10.20
火傷をしたのでありました。
水ぶくれができておりますです。
沸騰した薬缶に触れたためでありました。
こんな場所に……と、その火傷をした部分に注目するのが、この稼業の業とでもいうのでありましょうか。
薬指の第一関節。
薬指というのは、太陽丘に根差す指であり、したがって解釈は、太陽丘の意味を吟味するコトになりますです。
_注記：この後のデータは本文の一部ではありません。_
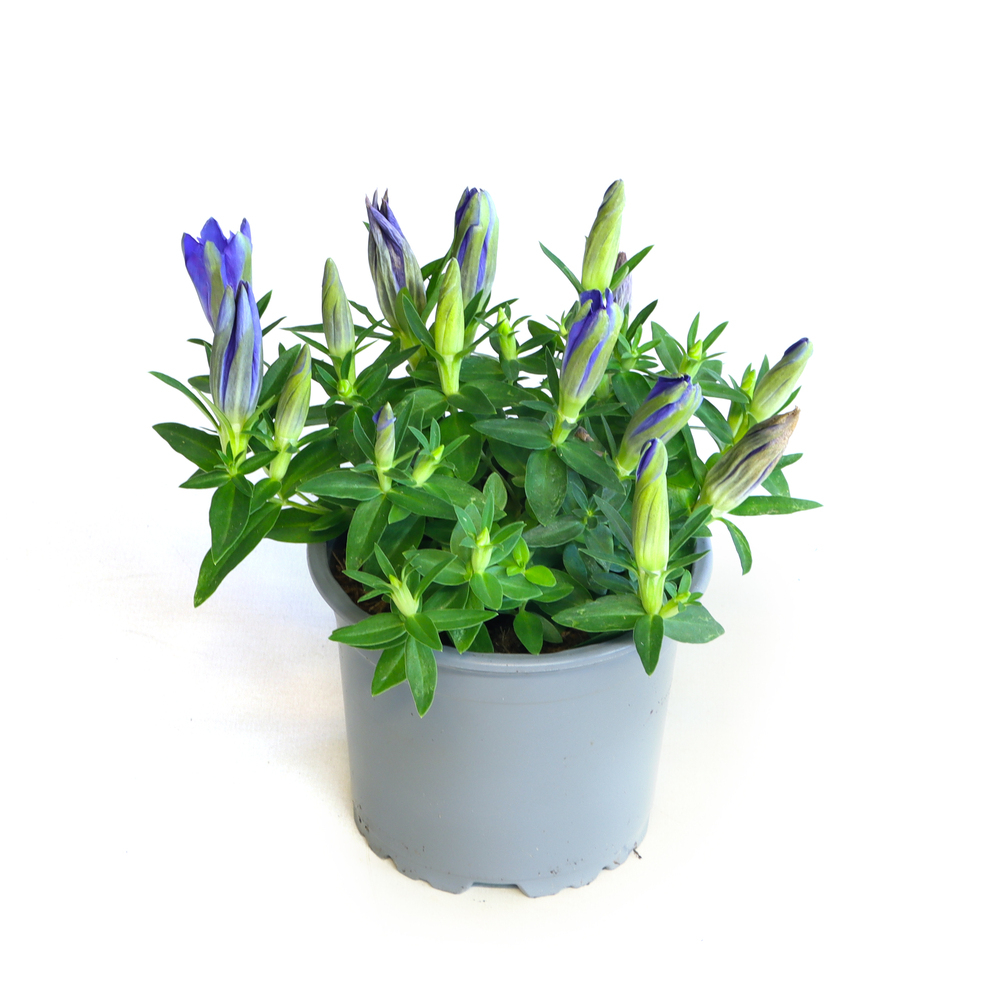 Gentiana scabra big blue
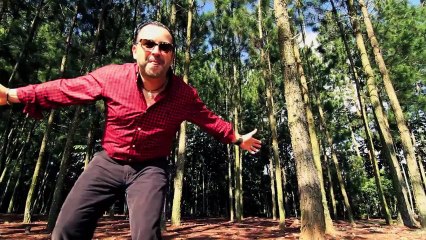 Joseph Fonseca - El Caballito De Palo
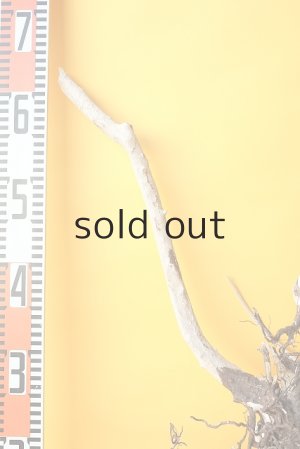 画像7: 流木根（中型）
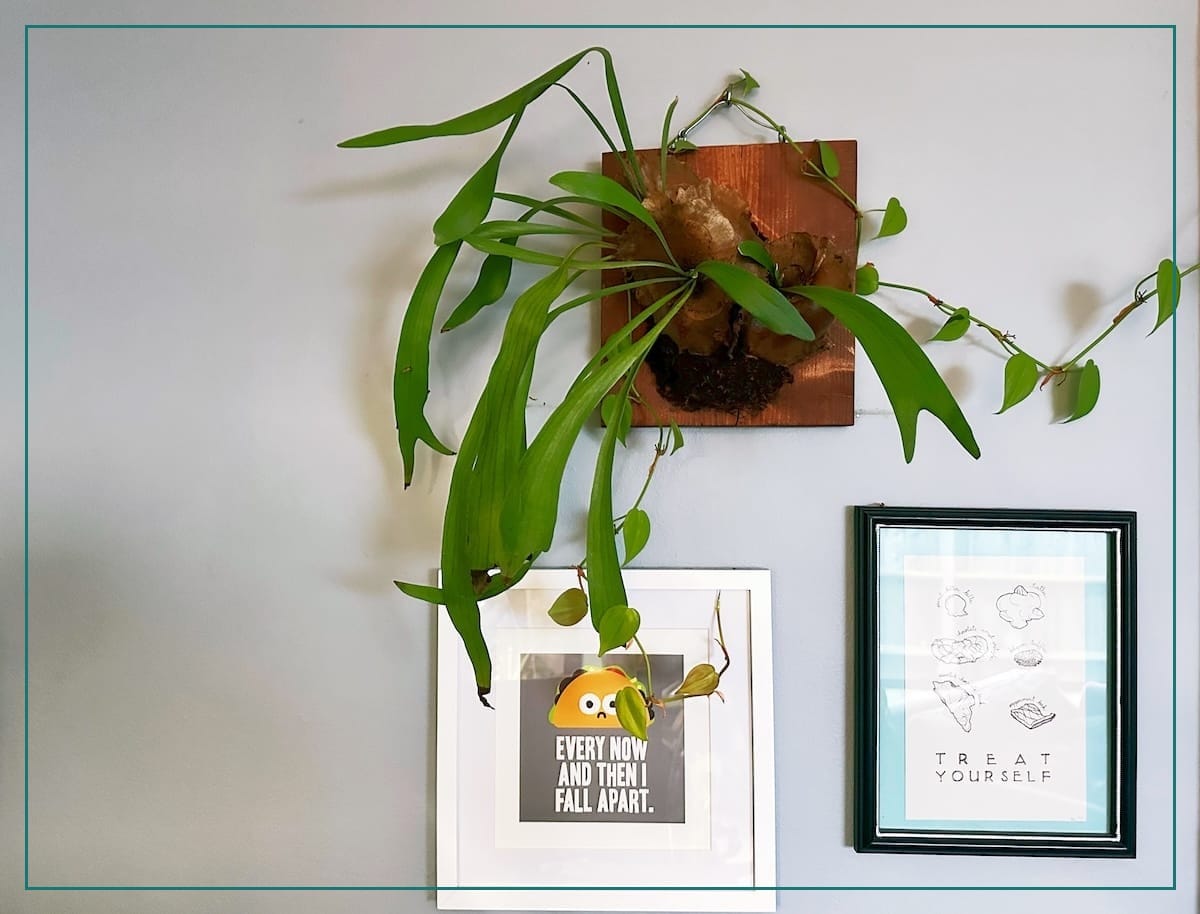 large staghorn fern mounted to wood board. two other prints are also by it.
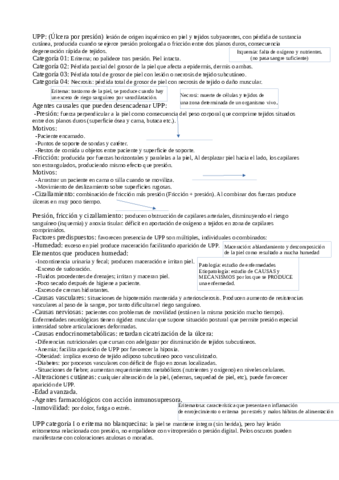 Tbi-tema-4.pdf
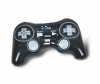 Playstation Controller Inflatable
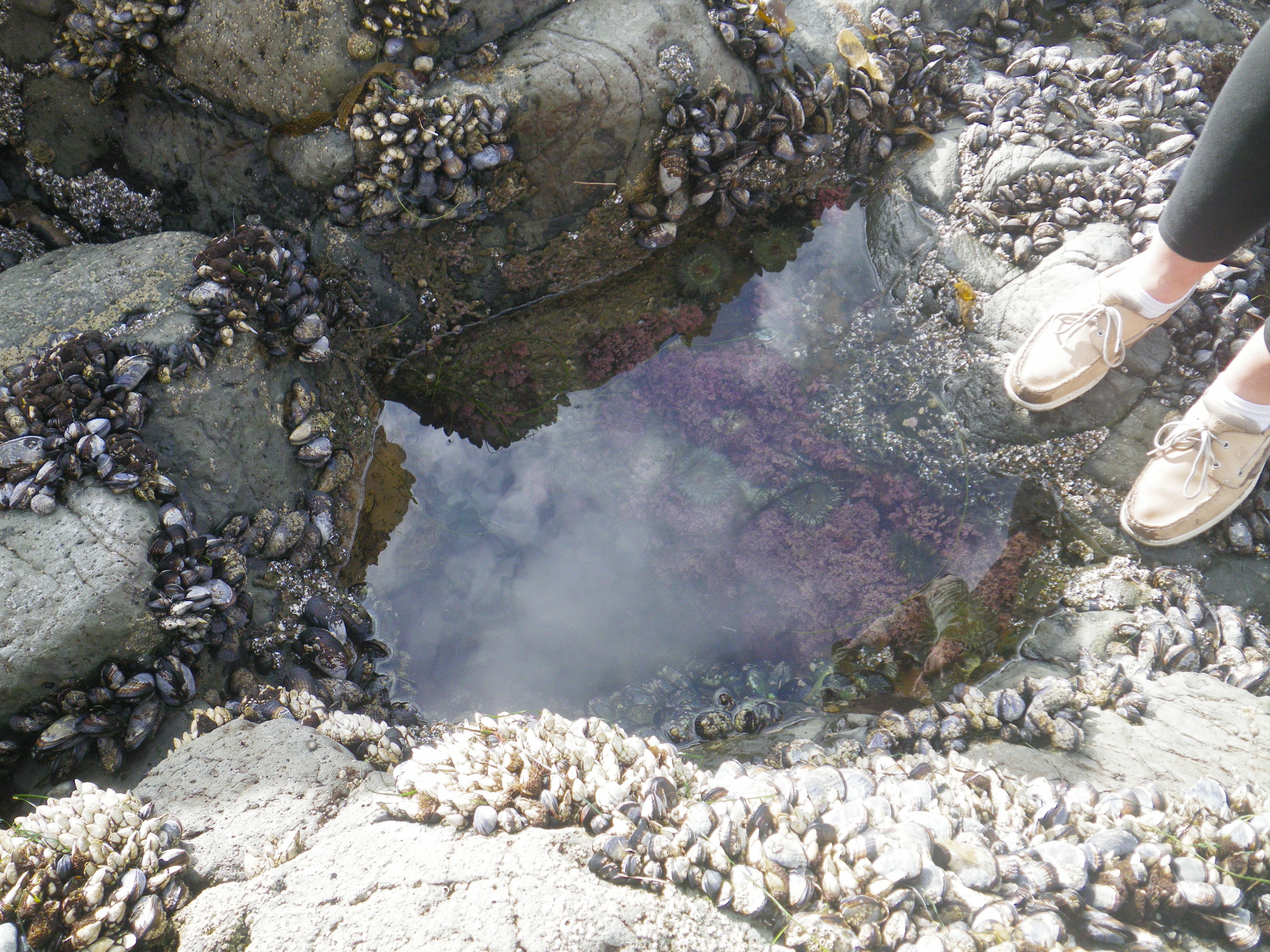 tide pool sampling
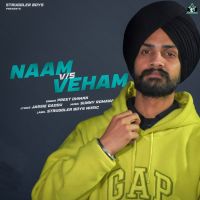 Download Naam Vs Veham Preet Dhiman mp3 song, Naam Vs Veham lyrics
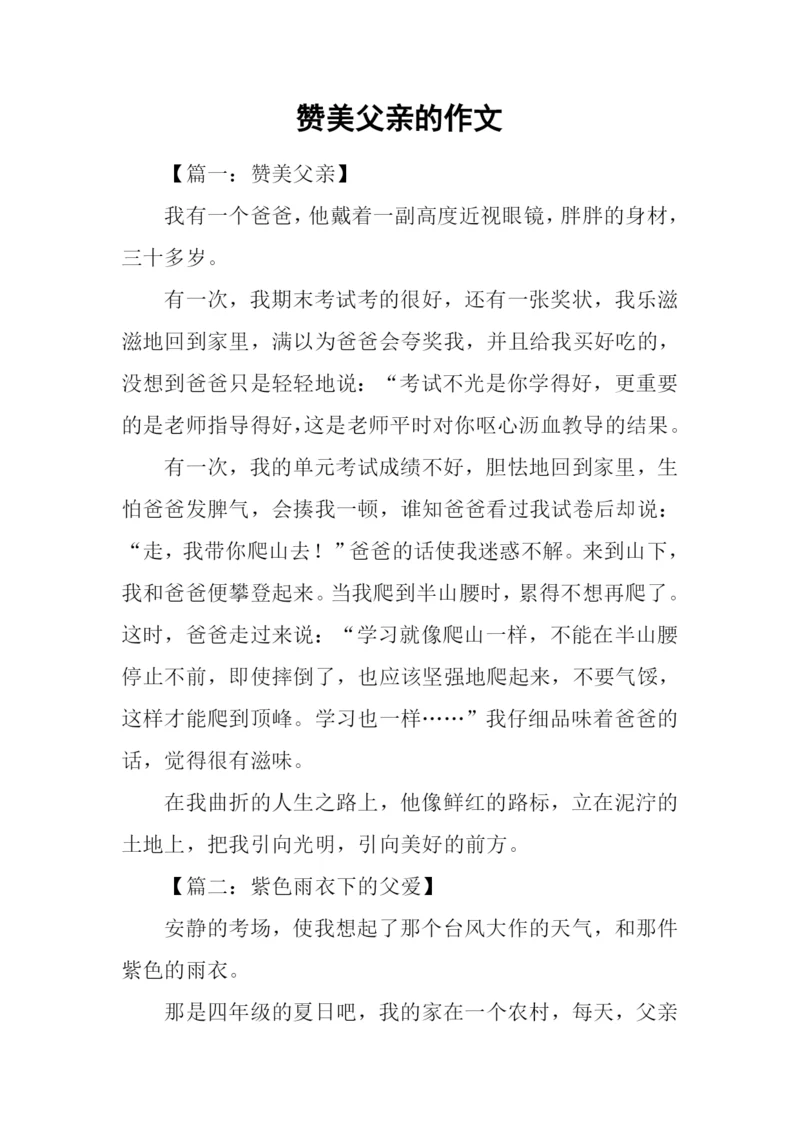 赞美父亲的作文.docx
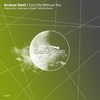 I Can't Fly Without You (Original Mix) - Andrew StetS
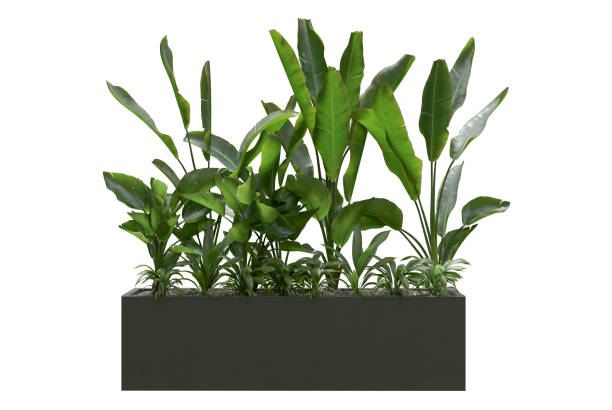 plant in flowerpot isolated on white  background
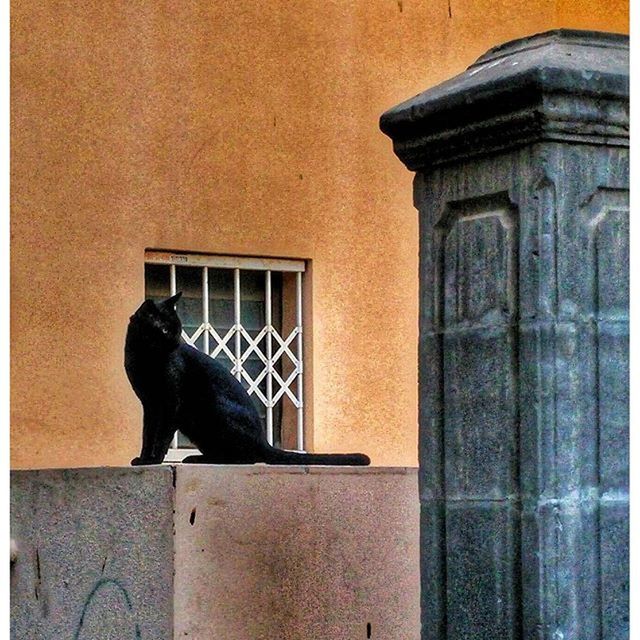 CLOSE-UP OF BIRD ON WALL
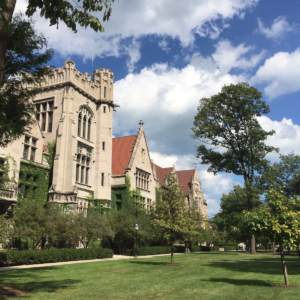 The Long and Winding Road of Finding one’s Research Area or The Agony of Choice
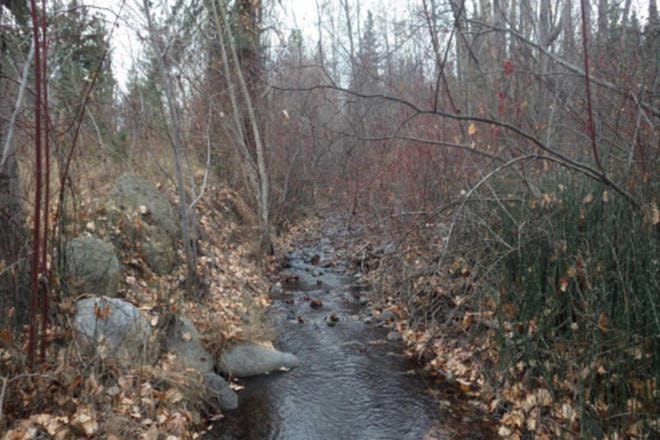 11757121_web1_180405-KCN-McDougall-Creek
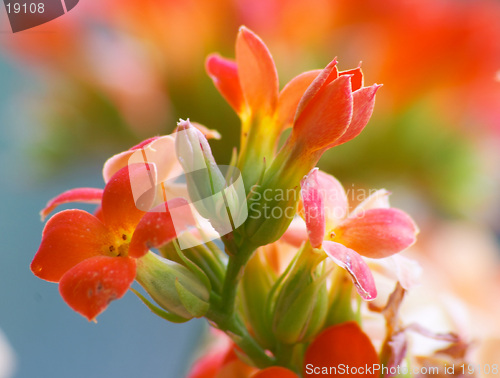 Image of Flowers of red kalanchoe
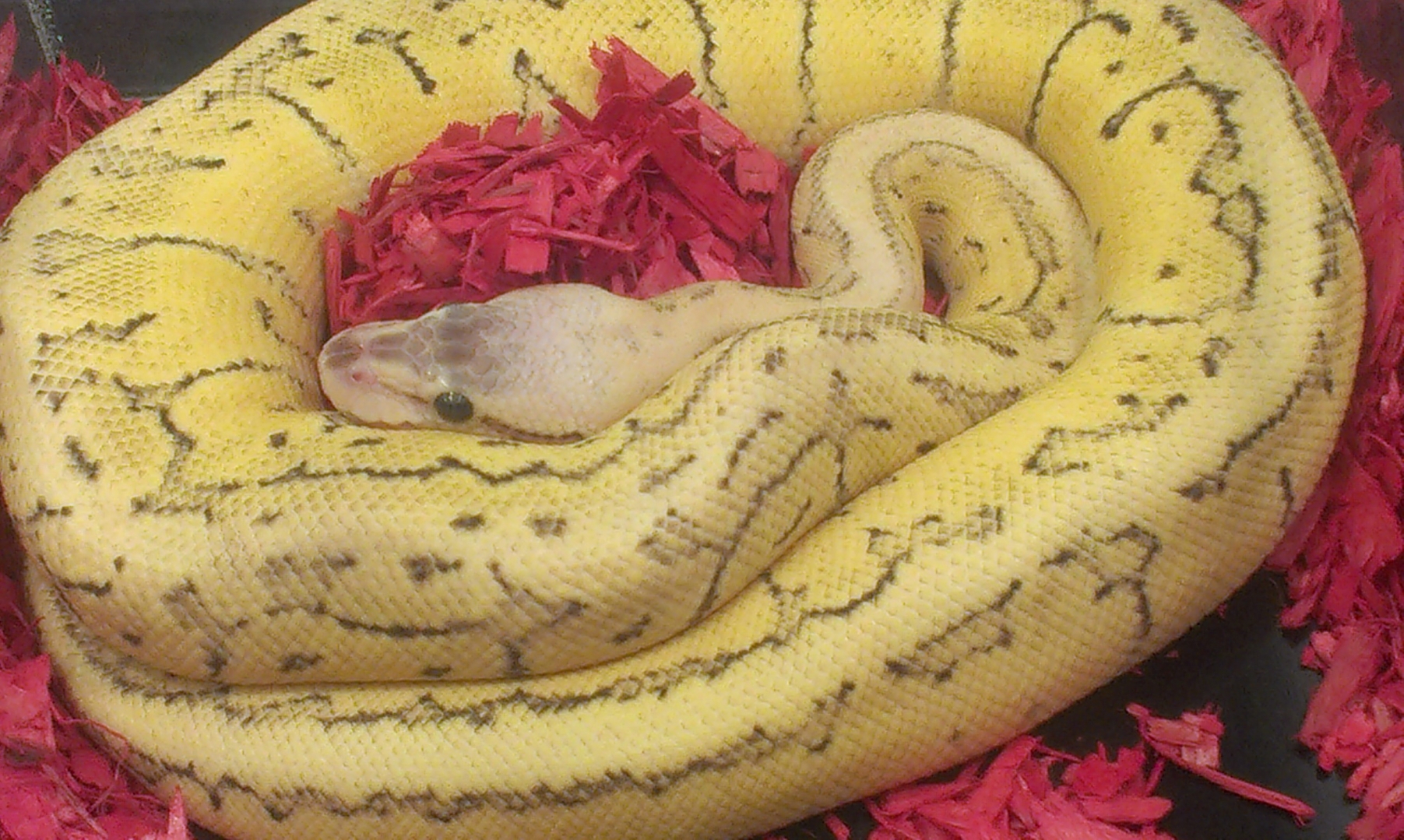 lesser pastel,spider, pinstripe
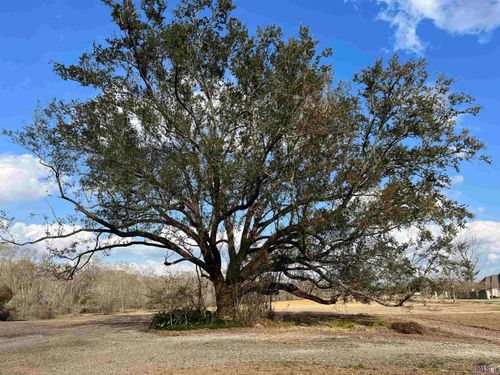 38174 Oakland Dr, Prairieville, LA, 70769-3838 | Card Image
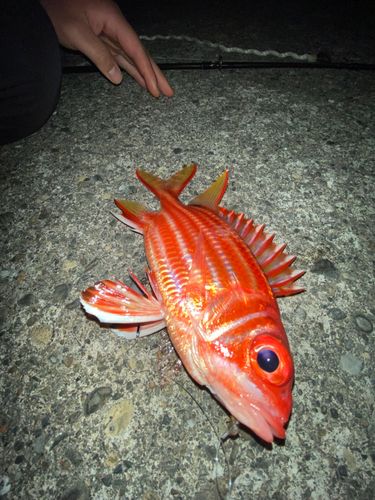 テリエビスの釣果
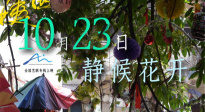 《胡阿姨的花園》正式定檔！10月23日全國(guó)藝聯(lián)專線上映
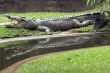 Crocodile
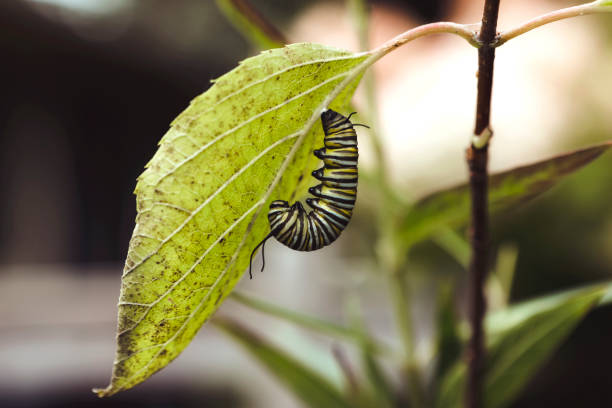 istock Monarch Caterpillar Ready toTransform into Chrysalis 2170563700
さすれば芸術と富、人気について何やら変化があるのかもしれず、火傷はその予兆と判断できまする。
これは手相の古い原書であります。
「手相のお勉強」というタイトル。
ちと古い例なのでありますが、手相のすべてが記されているので、重宝しておりますです。
暇をみつけて訳しておりました。
とつぜんにフランス語で書かれたりしておりまして、翻訳には手間がかかりました。
どの出版社からもオファーはございませぬ。
教えていないからかもしれませんけど。
さてさて、薬指の第一関節は……。
なになに、第三関節、つまり手のひらに近い部分は、
「この部分が長いほど幸運や成功を暗示する」
ちがう、第一関節が問題なのであります。
「第二関節が、肥大していると実利的な芸術で成功します」
ちがう、知りたいのは第一関節だでば。
「第一関節が……」
そう、コレでありますです。
「この部分が普通以上に長いと、芸術や美術の分野で高尚さを表します」
ちと知りたいこととは違いますです。
「また、肥大した指頭になっていると官能的な傾向があらわれ、肉欲の強い人です」
指頭ではありませぬが、水ぶくれで、一時的に肥大しているといえば、それに準じるかもしれませぬ。
いや、ソレに相違ありませんでしょう。
じじつ、ちと、そういう気分であることは否定しきれませぬ。
が、火傷はキズでありますから、その肉欲が危険サインということになりますです。
つまり女難の相。
アブナイ、アブナイ。
今日明日はおとなしく仕事をするに限るのでありますです。
火傷ひとつで、ずいぶんと楽しめましたのでありますです。